THE WALKING DEAD 7: UN BUON FINALE NON BASTA

Finalmente, l’ultima puntata della settima stagione ha introdotto un po’ di azione e riunito tutti sul campo di battaglia. Ma questo non basta per riscattare la serie

The Walking Dead«Benvenuta nel primo giorno del resto della tua vita». Negan non lo sa, ma la frase che dice a Sasha e che apre il finale della settima stagione di The Walking Dead (trasmesso lunedì 3 aprile su Fox) è più profetica che mai. Lo scenario che il cattivo della serie ha immaginato per la sua prigioniera (usarla come merce di scambio con Rick) non si avvera: Sasha è la nuova e ultima vittima di questa stagione. Per sua volontà, con un ultimo sacrificio, prende la pillola che le ha dato Eugene e si trasforma in zombie, boicottando i piani del leader dei Salvatori.
L’uscita di Sasha era prevedibile, soprattutto per chi sa che Sonequa Martin-Green sarà la protagonista della nuova serie Star Trek: Discovery. Per quanto triste, questo è un addio meno difficile di altri. Perché è frutto di una sua scelta e, per una volta, i dettagli più cruenti e horror ci vengono risparmiati, anzi, la trasformazione è accompagnata dalle note rassicuranti di Someday We’ll All Be Free di Donny Hathaway.
Infine, si chiude un cerchio, come sottolineano i flashback dell’episodio: Sasha «raggiunge» Abraham, di cui si era innamorata poco prima che Negan gli scagliasse addosso la sua Lucille. È all’altra «vedova», Maggie (a cui è affidato il monologo finale) che viene lasciato l’incarico di portare avanti l’eredità della seconda vittima della premiere shock di quest’anno, Glenn.
Finalmente, l’ultima puntata ha introdotto un po’ di azione e riunito tutti sul campo di battaglia: da una parte Rick, Ezechiele e il gruppo di Hilltop, guidato da Maggie, dall’altra i Salvatori e Jadis (che tradisce l’accordo con quelli di Alexandria).

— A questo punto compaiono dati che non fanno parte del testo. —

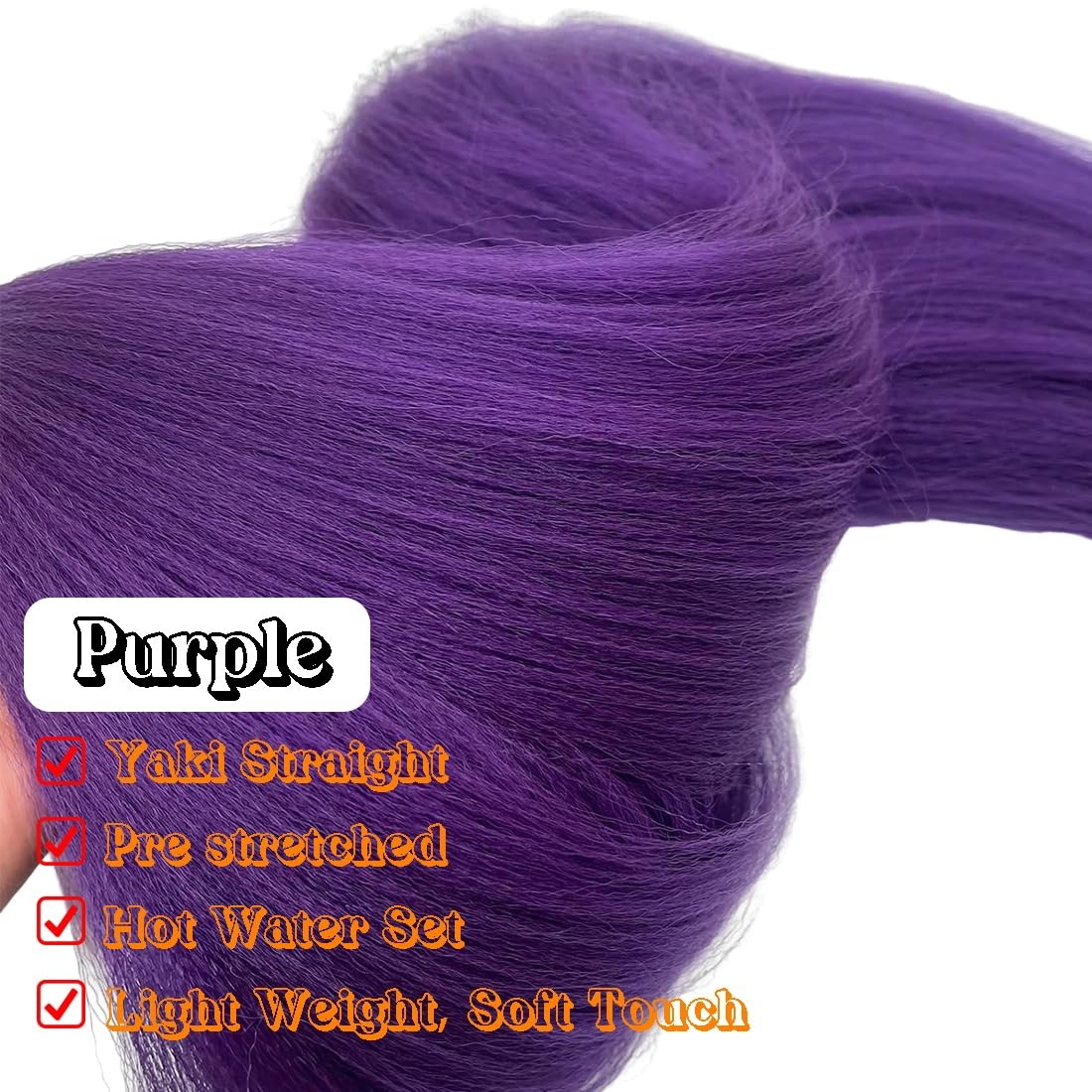 Dark Purple Braiding Hair Pre-stretched Yaik Straight 4 Packs/Lot Long Purple…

Ma non basta per riscattare il resto della stagione. Escluso il discusso primo episodio, la serie di Robert Kirkman è diventata lenta, dispersiva e faticosa da seguire (non a caso, gli ascolti ne hanno risentito). Perfino il Negan di Jeffrey Dean Morgan, un cattivo formidabile, è un po’ troppo preso dal suo personaggio e dai suoi preamboli autoreferenziali, che sembrano il perno di tutta la storia.
Le dinamiche sono ormai ripetitive e prevedibili: morti, tradimenti, momenti strappalacrime, violenza a gogò. È quasi una roulette russa: chi sarà la prossima vittima? La metafora che faceva dei sopravvissuti di The Walking Dead uno specchio della nostra società ha perso la sua originalità. Il fumetto andrà avanti, ma che sia ora di dire basta alla versione televisiva?